YOUR OBJECTIVE: Both the line below containing "Avalox, bartafel ovaal" and the line containing "14K Gold Love", along with every line between them, should be repeated exactly; no other line belongs in the answer.

——

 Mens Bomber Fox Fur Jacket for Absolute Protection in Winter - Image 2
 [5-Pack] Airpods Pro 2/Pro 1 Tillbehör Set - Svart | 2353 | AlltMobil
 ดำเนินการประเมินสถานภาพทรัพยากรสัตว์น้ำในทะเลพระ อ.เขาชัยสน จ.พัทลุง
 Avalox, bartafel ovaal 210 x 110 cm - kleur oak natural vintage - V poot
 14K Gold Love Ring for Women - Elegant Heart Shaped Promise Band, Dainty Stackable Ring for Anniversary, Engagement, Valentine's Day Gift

——

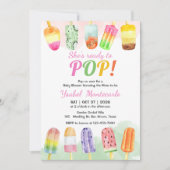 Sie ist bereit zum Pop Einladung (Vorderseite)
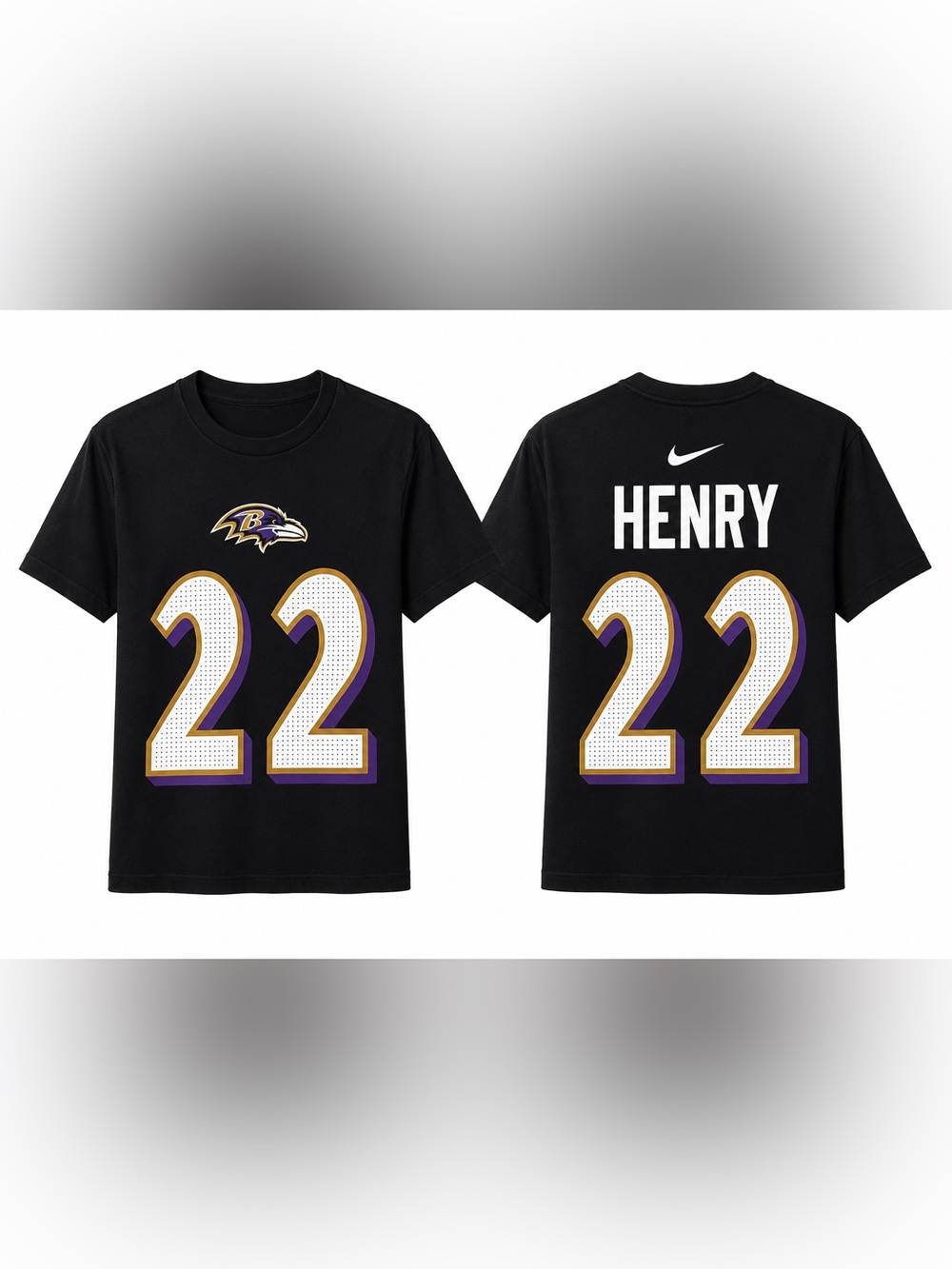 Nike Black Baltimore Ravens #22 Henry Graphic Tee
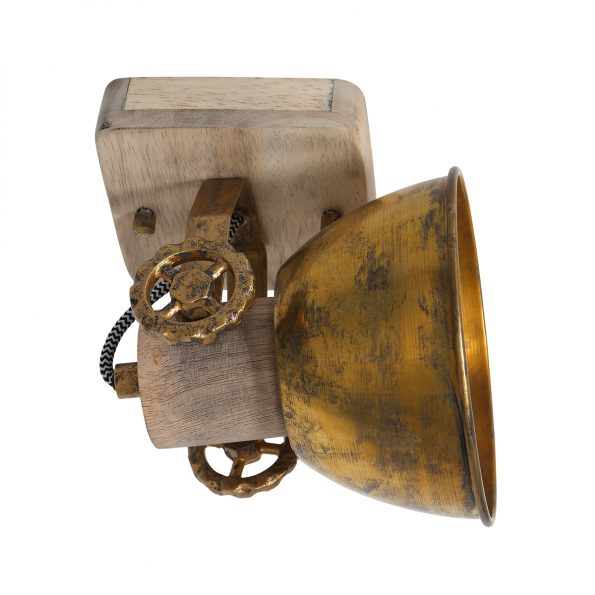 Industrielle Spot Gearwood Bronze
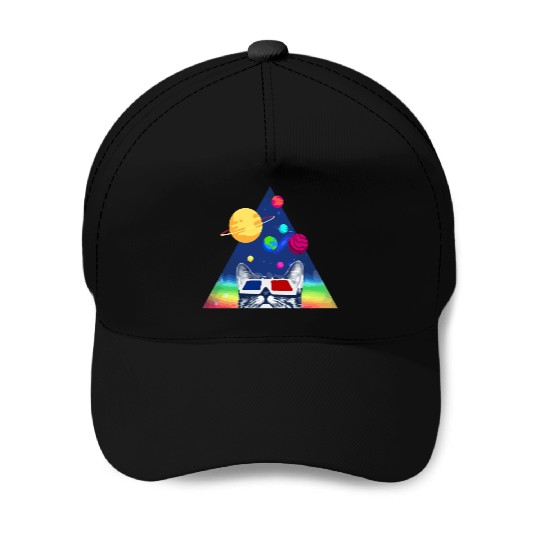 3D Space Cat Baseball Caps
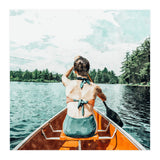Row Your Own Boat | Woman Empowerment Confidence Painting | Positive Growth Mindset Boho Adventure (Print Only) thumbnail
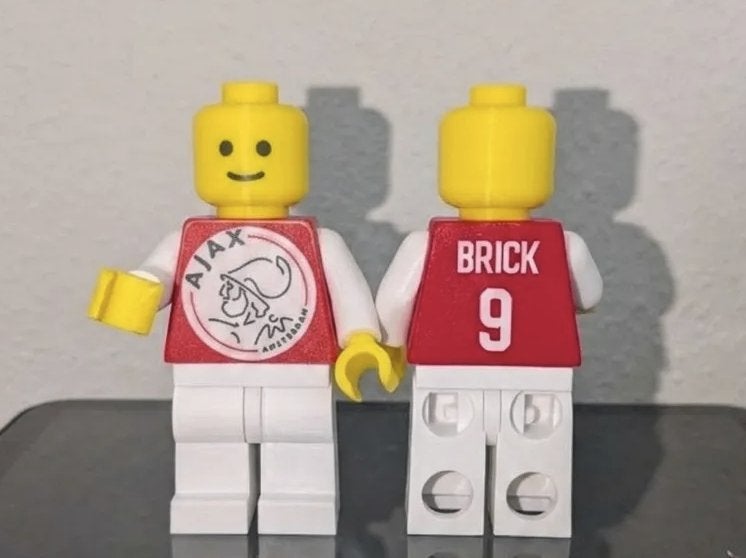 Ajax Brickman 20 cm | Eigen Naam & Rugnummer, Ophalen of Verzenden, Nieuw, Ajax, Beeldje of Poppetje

——

ANSWER TO THE PROBLEM:
 Avalox, bartafel ovaal 210 x 110 cm - kleur oak natural vintage - V poot
 14K Gold Love Ring for Women - Elegant Heart Shaped Promise Band, Dainty Stackable Ring for Anniversary, Engagement, Valentine's Day Gift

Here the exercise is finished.